**Problem description**
Exactly the lines from the one with "this 350×200 image." through the end of the data below must be set down, and no pictures with them.

**Data provided**
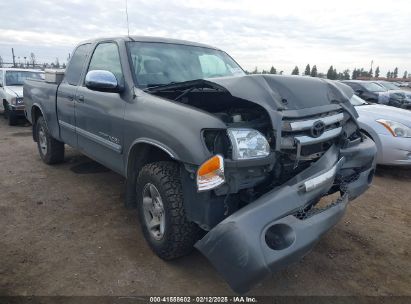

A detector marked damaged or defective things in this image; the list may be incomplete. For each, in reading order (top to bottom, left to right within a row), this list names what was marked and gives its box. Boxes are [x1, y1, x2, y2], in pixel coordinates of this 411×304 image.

damaged gray pickup truck [22, 36, 376, 292]
broken headlight assembly [227, 128, 272, 160]
front collision damage [146, 73, 378, 292]
crumpled hood [208, 75, 356, 111]
detached bumper [196, 138, 376, 292]
crumpled front bumper [195, 137, 378, 294]
crumpled hood [358, 104, 411, 127]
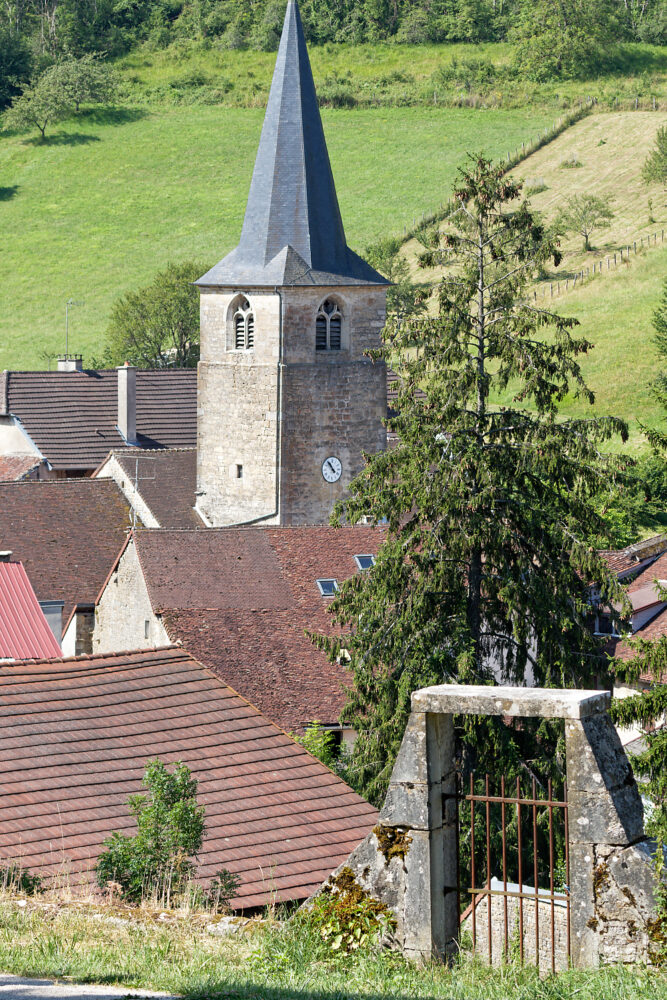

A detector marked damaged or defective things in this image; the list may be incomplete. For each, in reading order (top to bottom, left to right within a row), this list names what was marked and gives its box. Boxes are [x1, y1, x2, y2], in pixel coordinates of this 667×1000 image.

rusty iron gate [456, 772, 572, 968]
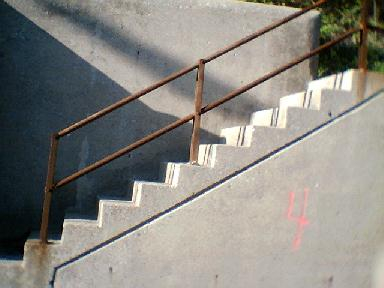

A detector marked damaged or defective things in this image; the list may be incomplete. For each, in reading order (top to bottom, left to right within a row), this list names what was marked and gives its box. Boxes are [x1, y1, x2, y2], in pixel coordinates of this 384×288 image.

rusty metal railing [39, 0, 380, 243]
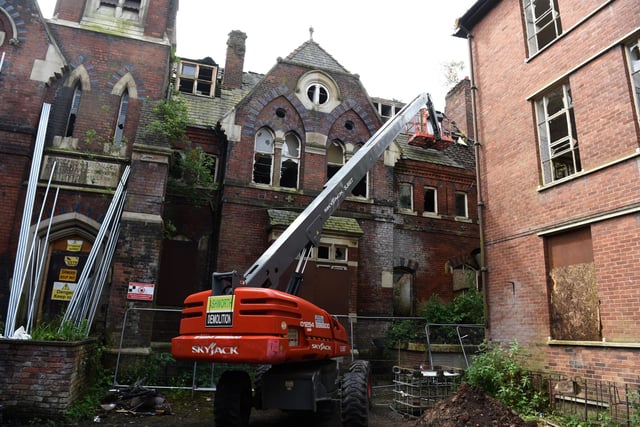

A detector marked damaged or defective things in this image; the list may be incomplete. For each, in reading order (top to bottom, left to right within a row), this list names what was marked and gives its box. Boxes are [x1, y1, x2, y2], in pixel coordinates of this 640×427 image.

broken window [524, 0, 564, 55]
broken window [176, 61, 216, 97]
broken window [65, 83, 82, 137]
broken window [254, 129, 274, 186]
broken window [280, 133, 300, 188]
broken window [536, 83, 580, 185]
broken window [422, 186, 438, 214]
broken window [544, 229, 600, 342]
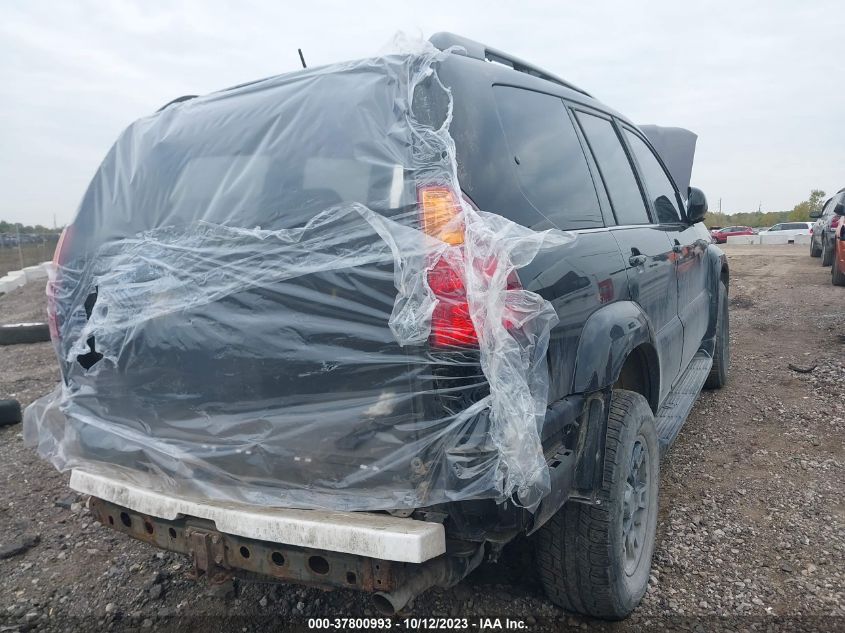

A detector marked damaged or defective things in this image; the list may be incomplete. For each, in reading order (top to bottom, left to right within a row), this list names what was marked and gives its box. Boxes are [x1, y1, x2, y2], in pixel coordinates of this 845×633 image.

damaged dark suv [26, 30, 724, 616]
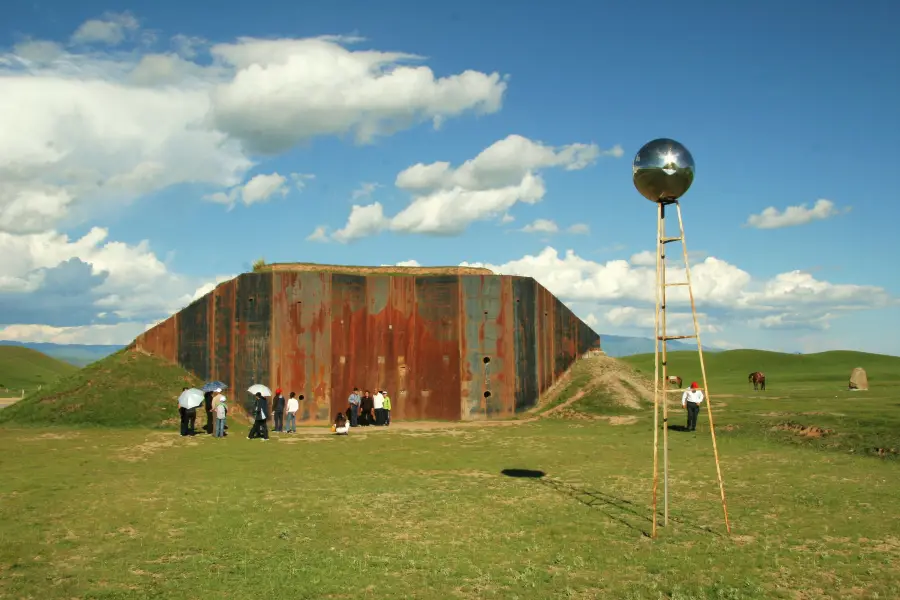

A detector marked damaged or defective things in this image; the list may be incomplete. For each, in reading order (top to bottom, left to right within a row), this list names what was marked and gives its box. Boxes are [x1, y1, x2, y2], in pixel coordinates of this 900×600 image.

rusted concrete wall [132, 270, 596, 424]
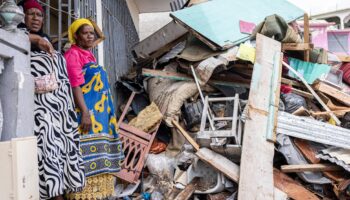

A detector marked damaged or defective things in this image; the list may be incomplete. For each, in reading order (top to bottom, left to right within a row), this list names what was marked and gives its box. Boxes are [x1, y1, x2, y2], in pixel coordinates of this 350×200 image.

broken wooden beam [314, 80, 350, 107]
broken furniture [117, 92, 162, 183]
crumpled sheet metal [278, 111, 350, 149]
crumpled sheet metal [276, 133, 330, 184]
crumpled sheet metal [316, 147, 350, 172]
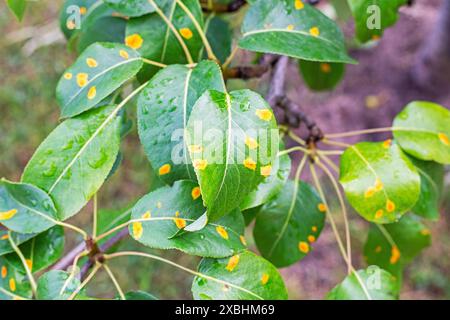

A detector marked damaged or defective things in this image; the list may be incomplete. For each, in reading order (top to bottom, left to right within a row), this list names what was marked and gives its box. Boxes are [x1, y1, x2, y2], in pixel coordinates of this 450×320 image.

yellow rust spot [124, 33, 143, 49]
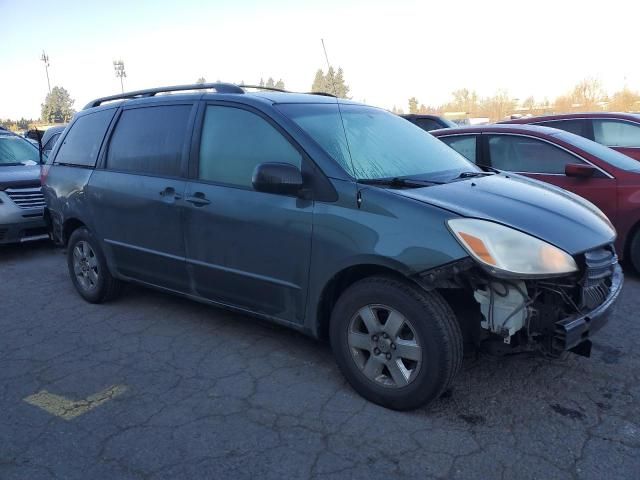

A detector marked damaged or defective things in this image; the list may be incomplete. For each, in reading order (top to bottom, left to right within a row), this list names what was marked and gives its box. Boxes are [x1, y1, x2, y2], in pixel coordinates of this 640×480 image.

**Result**
A detector marked damaged or defective things in this image; the list may be incomplete. For each, in reading order (top to bottom, left to right within a row), this list names what was marked and gives its box. Boxes are [x1, y1, x2, y2], in pixel coordinates of this 350×200 image.

broken wooden beam [314, 80, 350, 107]
broken furniture [117, 92, 162, 183]
crumpled sheet metal [278, 111, 350, 149]
crumpled sheet metal [276, 133, 330, 184]
crumpled sheet metal [316, 147, 350, 172]

A detector marked damaged or defective things in this image; the list may be incomplete. For each, in reading order (top to bottom, left to right within a row), this list names what was marked and gives its box. Boxes are [x1, y1, x2, y2], in pixel coordinates of this 450×320 image.

yellow rust spot [124, 33, 143, 49]

A detector marked damaged or defective things in this image; the list may be incomplete. For each, in reading order (top to bottom, left to right within a row), this list names what was marked and gives its box. Boxes are [x1, y1, x2, y2], in pixel coordinates of this 640×480 image.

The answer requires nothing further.